Southern Hills Plantation is a Pete Dye course and opened in 2006. It has been named to two of “Golfweek’s Best” lists. This national publication ranked the course among the top 50 Best New Courses and the top 100 Best Residential Courses. Southern Hills plays a whopping 7553 yards from the championship tees and carries a course rating of 77.2 with a slope of 138. The facility offers a full driving range, short game area complete with a practice bunker and a large practice putting green. There is also a 6-hole short course to help tune up your game.
Located just over a half-hour north of Tampa on the new Suncoast Expressway, Southern Hills is more than a name. It is one of only a handful of Florida courses that offer elevation changes of over 200 feet.
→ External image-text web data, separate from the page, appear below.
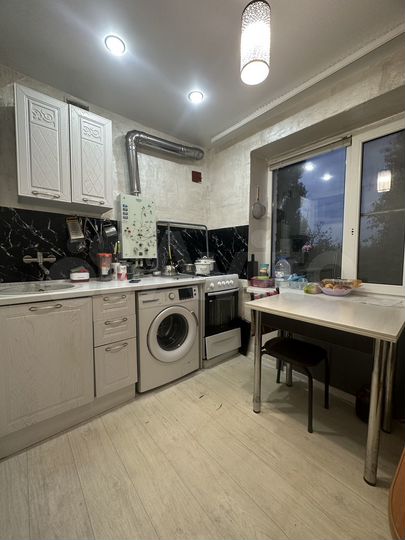 2-к. квартира, 45 м², 5/5 эт.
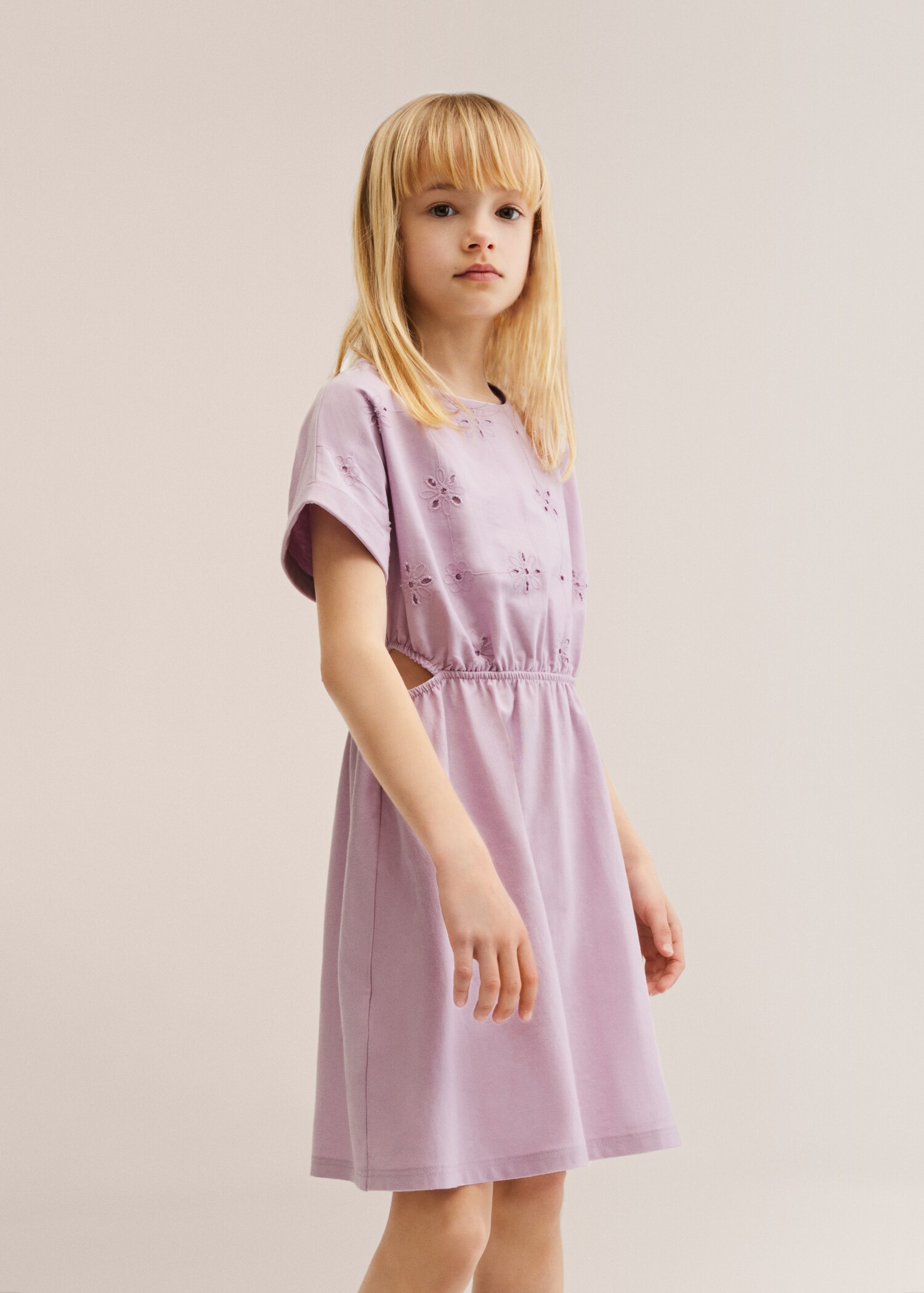 Embroidered dress with side slits - Medium plane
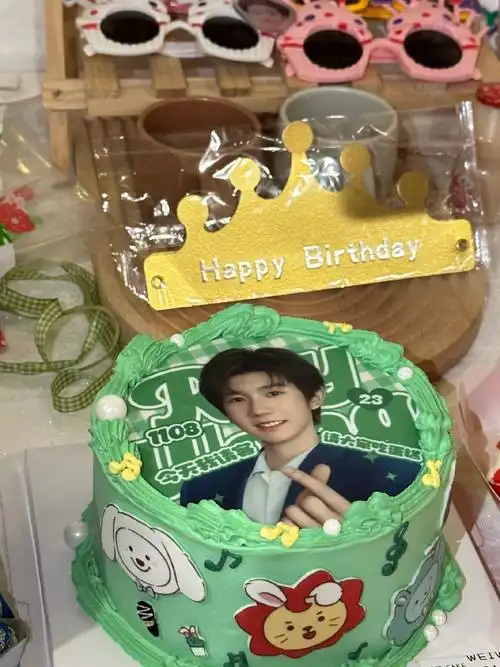 王源超话#王源23岁且放青山远#王子请吃蛋糕@tfboys-王源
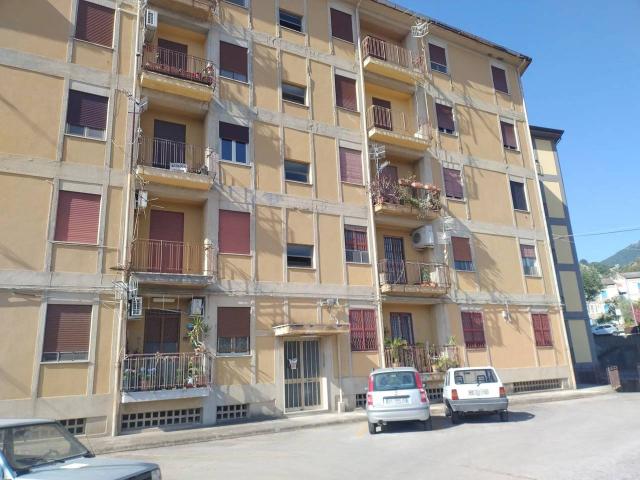Appartamento in vendita a San Filippo Inferiore, Messina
The course is carved out of native oak and magnolias trees and plays around scenic conservation areas, ravines and lakes while other natural buffers help maintain the feeling of solitude for both golfers and residents alike.
The Spa and Fitness Center, a 7,850 square-foot facility featuring state-of-the-art exercise equipment as well as private steam and massage rooms is well staffed, and the spectacular antebellum-style Golf Clubhouse with full locker rooms, golf shop and four separate dining areas is just being completed. Southern Hills offers a stay and play package whereby they will put you up for the night in one of the model homes, give you a special rate on golf or a spa treatment, access to all course amenities including the Spa and Fitness Center, tennis courts and resort pool. You also receive dining and shopping privileges to the Golf Club and pro shop.
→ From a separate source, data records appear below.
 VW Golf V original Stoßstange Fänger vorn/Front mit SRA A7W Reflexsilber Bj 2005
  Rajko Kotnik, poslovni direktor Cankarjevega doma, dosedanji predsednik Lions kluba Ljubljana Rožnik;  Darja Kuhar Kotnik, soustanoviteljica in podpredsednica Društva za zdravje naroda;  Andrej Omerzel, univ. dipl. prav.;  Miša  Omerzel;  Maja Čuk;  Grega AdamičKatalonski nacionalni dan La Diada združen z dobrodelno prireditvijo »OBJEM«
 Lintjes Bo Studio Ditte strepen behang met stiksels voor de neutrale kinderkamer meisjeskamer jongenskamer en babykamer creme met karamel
If it weren’t for the palm trees, palmettos and other vegetation associated with Florida, you may think you are in Scotland or Ireland when you play Southern Hills Plantation although the warm, humid weather is a dead giveaway! I use this comparison because I have never seen a course in the US with so many deep, evil pot bunkers. Pete Dye must have been in a bad mood when he designed this beautiful golf course; these devilish bunkers couldn’t be better placed for tee shots. Just about every tee shot you hit is subject to finding a bunker that will not let you advance the ball forward; most likely you will have to hit it sideways, thus making par on that particular hole relatively more difficult. Hats off to Mr. Dye!
Number 7: Par 5, 567 yards. Your tee shot is pretty much straight uphill; the fairway rises some 40 feet from the tee box to the landing area. Second shots are blind with a large waste bunker and trees to keep you from hitting it right. A good second shot will leave an approach shot of about 110 – 130 yards usually from a downhill lie to a green that sits 40 feet below the top of the fairway. Deep bunkers in the front right and front left guard this elevated green.
Number 9: Par 4, 321 yards. Although not the longest hole on the course (far from it), a good drive will leave you a second shot straight uphill from about 90 – 110 yards. Be sure to note the pin placement and take enough club to get it up the hill. A front or back pin placement could be as much as a two club difference. Although you may think an approach shot that is hit short will roll back, the landing area flattens out up near the green.
Number 10: Par 4, 410 yards. Right off the bat you are faced with a blind tee shot up the hill. The long waste bunker on the right side is a lot longer than it looks so plan on playing your shot out to the left. From there you will have a downhill approach shot to a fairly large, well undulated green.
Number 14: Par 4, 419 yards. Interesting double dogleg; long ball hitters can take their tee shots over the group of bunkers on left side of fairway and still have a long second shot to the green.
Number 18: Par 4, 423 yards. This is just what you need after 17 holes of golf, a fantastic finishing hole. At 423 yards, this is the longest par 4 on the course. It’s a relatively straight hole with lots of swales and undulation in the fairway. Try and keep your tee shot left to simplify approach shot. The green is well elevated; any shot hit a little bit short will roll back down to collection area. Also with a front pin it is not hard to put a putt past the hole and have it roll down into collection area. Take a par here and head to the 19th hole!
Pete Dye has done it again. Southern Hills is a true test of golf regardless which set of tees you play from. Nasty little pot bunkers seem to come into play on every shot towards the green, many requiring you to take a step back as you try to move forward! Water is not as prevalent on Southern Hills as it is at many Florida courses; what water there is to hit over does not require unmanageable carries.
Southern Hills takes great advantage of the elevation changes that are found in the Brooksville area. Several holes offer blind shot up and down hills to greens that tend to be on the smaller side. A lot of rolling terrain comes into play both in the fairways and adjacent to it. Many greens sit yards above the fairway eliminating bump and run opportunities. The finishing hole here is especially challenging and can make (or break) your round.
The greens are well undulated but not to the point of taking away from the rest of the course. As I mentioned, they tend to be small compared to other Florida courses and roll true.
Southern Hills also has an incredible practice facility. The practice area has its own 6-hole short-course and a large practice putting green and chipping area adjacent to the first tee.